**ACTION ITEM**
Every line in the records below between the one holding "Tankan and Ponkan tangerines-1" and the one holding "Interactieve Robot Puppy Speelgoed", inclusive, is to be set down exactly; all other lines are to be left out.

**PROVIDED DATA**
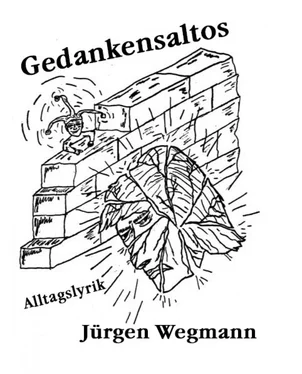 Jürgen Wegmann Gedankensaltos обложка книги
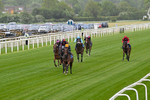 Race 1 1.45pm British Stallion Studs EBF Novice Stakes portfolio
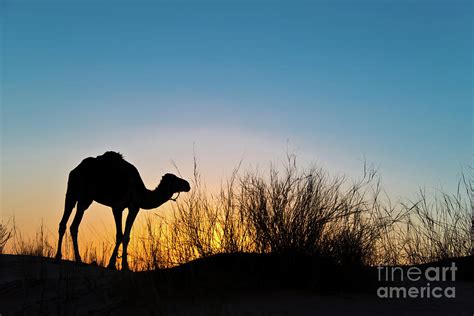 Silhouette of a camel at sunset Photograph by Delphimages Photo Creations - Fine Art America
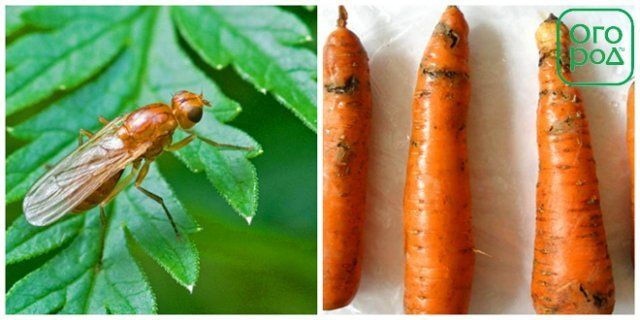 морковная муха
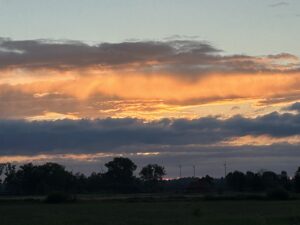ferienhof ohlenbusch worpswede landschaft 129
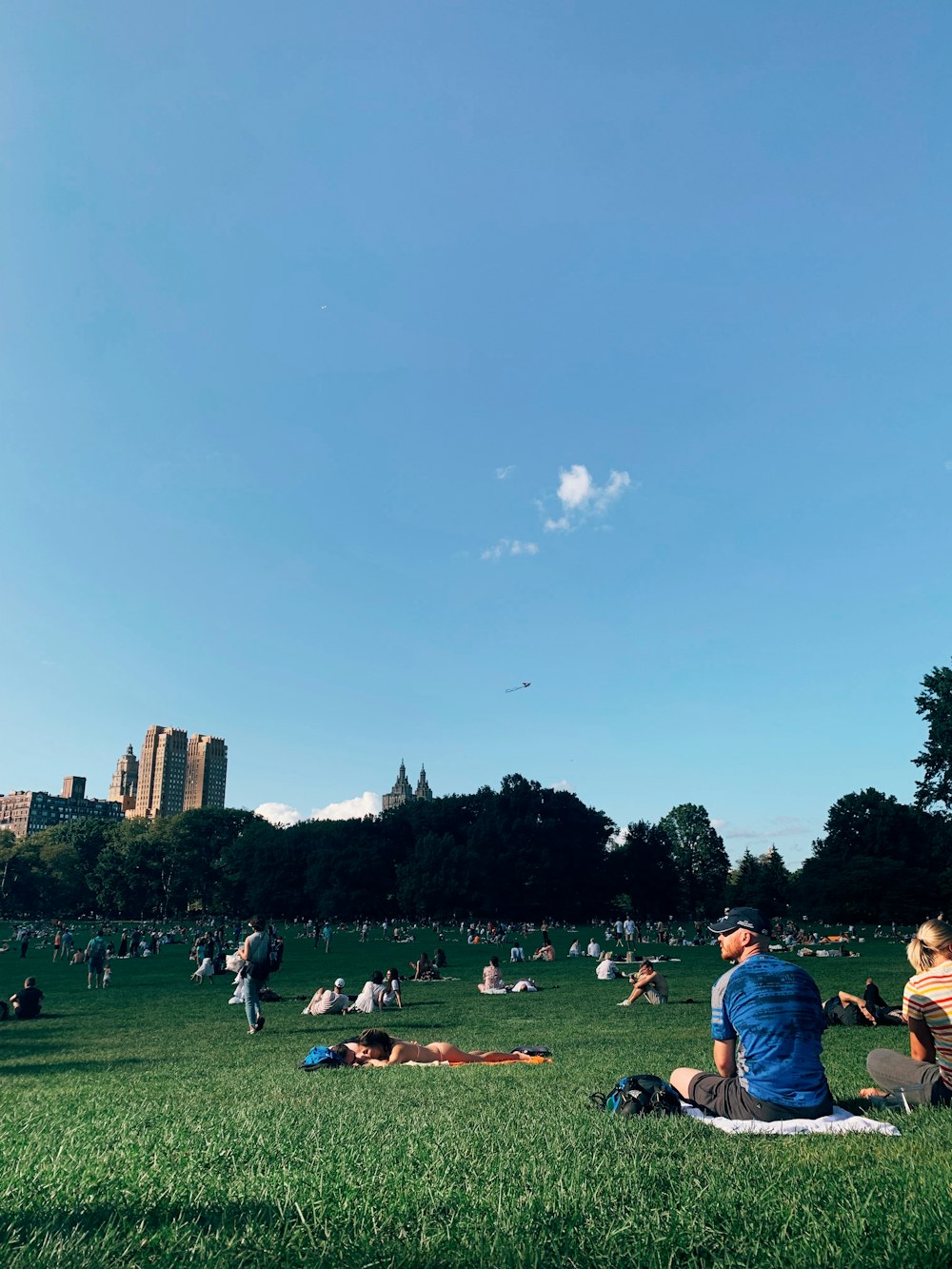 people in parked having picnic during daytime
...
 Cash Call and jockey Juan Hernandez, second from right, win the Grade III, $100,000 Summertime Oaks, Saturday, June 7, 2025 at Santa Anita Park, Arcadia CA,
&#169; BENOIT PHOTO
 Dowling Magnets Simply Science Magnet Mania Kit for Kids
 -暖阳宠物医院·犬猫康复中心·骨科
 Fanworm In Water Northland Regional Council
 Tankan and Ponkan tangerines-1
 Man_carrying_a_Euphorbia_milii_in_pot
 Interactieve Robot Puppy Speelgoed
==
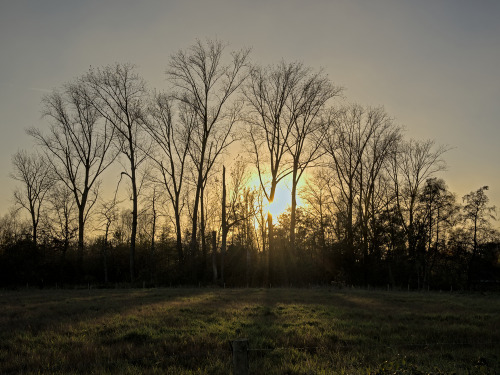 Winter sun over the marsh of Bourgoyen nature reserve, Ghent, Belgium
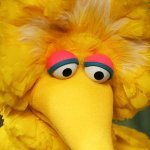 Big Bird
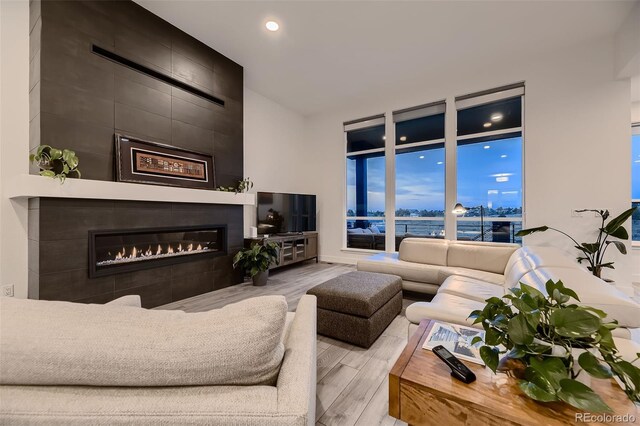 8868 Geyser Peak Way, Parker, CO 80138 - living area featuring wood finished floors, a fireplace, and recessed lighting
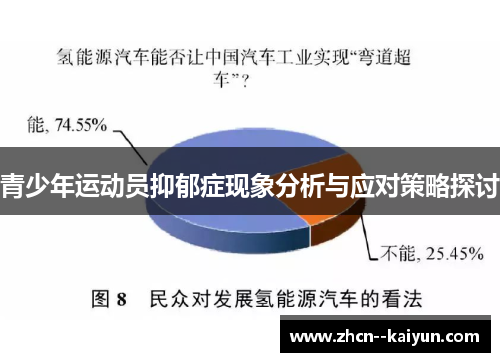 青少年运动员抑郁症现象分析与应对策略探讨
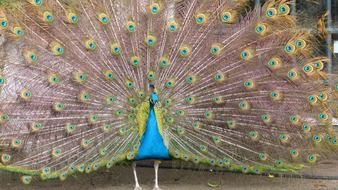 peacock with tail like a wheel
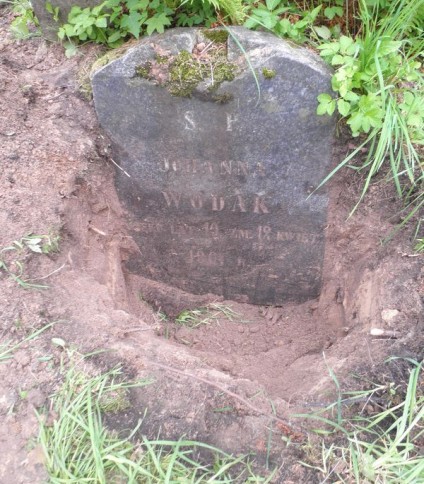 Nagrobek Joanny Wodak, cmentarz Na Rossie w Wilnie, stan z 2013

**ANSWER TO THIS TASK**
 Tankan and Ponkan tangerines-1
 Man_carrying_a_Euphorbia_milii_in_pot
 Interactieve Robot Puppy Speelgoed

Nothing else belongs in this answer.